Quantum computers promise breakthroughs in chemistry, communication and materials. In principle, such a computer could solve in a few hours what today’s fastest supercomputers would need millions of years for.
The crucial ingredient is entanglement – a quantum connection that makes particles behave as a single whole, no matter how far apart they are. Quantum computers work only because they exploit this entanglement and make their particles cooperate as one system.
“There are many ways to build such a machine. Most approaches use trapped atoms or ions, which can entangle particles more directly – but they are slow and difficult to scale,” says Peter Lodahl, Professor and Group Leader of the Quantum Photonics Group at the Niels Bohr Institute, University of Copenhagen, and founder and Chief Quantum Officer at Sparrow Quantum ApS.
A new study in Nature Communications shows how a fusion method for photonic quantum computers can overcome this barrier.
Photons are fast, easy to guide in optical circuits and ideal for sending information over long distances – but they do not interact in a stable or predictable way, which makes it difficult to entangle them. At the University of Copenhagen, it took a cross-disciplinary team – from nanofabrication to quantum optics – to make it work in practice.
“We use a single electron spin in the quantum dot to control the emitted photons. The first photon is sent through a fibre loop so that it can meet the next one when both reach a beamsplitter,” Lodahl explains. “In this way, we fuse the entanglement between the electron’s quantum states – its magnetic spin – across time.”
Even more striking, the team showed that this process keeps information alive longer than the spin’s natural memory. As Lodahl puts it: “You can think of it as a kind of quantum memory – information is stored in the light for a moment and then transferred back into the spin. The information is essentially teleported into the new spin state, so it continues beyond the original particle.”
Large quantum networks can be built using just one light source. In today’s all-optical approaches, thousands of separate photon sources may be needed to scale up. “Here,” Lodahl emphasises, “we can achieve the same with a single quantum dot that we simply reuse again and again.”
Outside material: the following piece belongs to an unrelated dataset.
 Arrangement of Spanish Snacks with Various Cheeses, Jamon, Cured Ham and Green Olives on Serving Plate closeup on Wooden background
Quantum computers only work if their particles act as a team. But in photonics, where the players are photons, that is a nightmare. Photons are hard to control: when they meet, they sometimes become entangled and sometimes not – a probabilistic, random process governed by the laws of quantum mechanics.
“That makes it extremely difficult to get two of them to do anything together reliably – and these two-particle gates are the basic building blocks of quantum computers,” says Peter Lodahl.
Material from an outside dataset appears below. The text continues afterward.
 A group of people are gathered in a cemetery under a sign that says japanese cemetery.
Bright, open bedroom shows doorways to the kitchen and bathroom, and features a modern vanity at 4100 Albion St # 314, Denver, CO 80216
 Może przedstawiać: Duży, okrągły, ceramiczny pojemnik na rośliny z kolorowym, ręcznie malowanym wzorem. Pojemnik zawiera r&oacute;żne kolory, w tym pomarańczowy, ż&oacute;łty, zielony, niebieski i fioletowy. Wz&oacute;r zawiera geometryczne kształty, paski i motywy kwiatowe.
Because of this, the researchers had to rethink the entire architecture of photonic quantum computing. A promising alternative is fusion-based photonic quantum computing. Instead of trying to realise deterministic two-qubit photonic gates, small entangled clusters of photons are created and then fused into larger networks.
The problem? In most laboratories, creating these initial entangled states is still probabilistic – like rolling dice each time. Sometimes it works, often it does not. “It is a bit like building a house of cards where each new card only sticks one time out of ten,” Lodahl explains.
That makes scaling painfully slow. As the Copenhagen team points out, “the real challenge is to generate these first resource states reliably. Relying entirely on probabilistic sources greatly increases the amount of hardware required, and it quickly becomes unmanageable.” Researchers around the world have spent years trying to overcome this bottleneck – and this breakthrough shows a new way forward.
The breakthrough comes from using quantum light sources – emitters – tiny devices such as semiconductor quantum dots that can emit entangled photons on demand. No dice rolls, no maybes: every time you press the button, you get the pair you need.
Until now, researchers have only been able to entangle photons created at the same time. But that would require juggling many light sources at once – a task that quickly turns into a technical circus.
This study shows a new path: temporal fusion. Instead of using many emitters, the same one is reused again and again, fusing photons created at different moments. The result is an unusual form of time-separated entanglement – a way of stitching light together across moments – that makes scaling far simpler.
As Peter Lodahl puts it: “This brings theory into practice. Reliable light sources and temporal fusion together may be the crucial ingredients for building truly large-scale photonic quantum technologies.”
He also notes that the result builds on many years of teamwork – from constructing the experimental set-up to refining the protocols.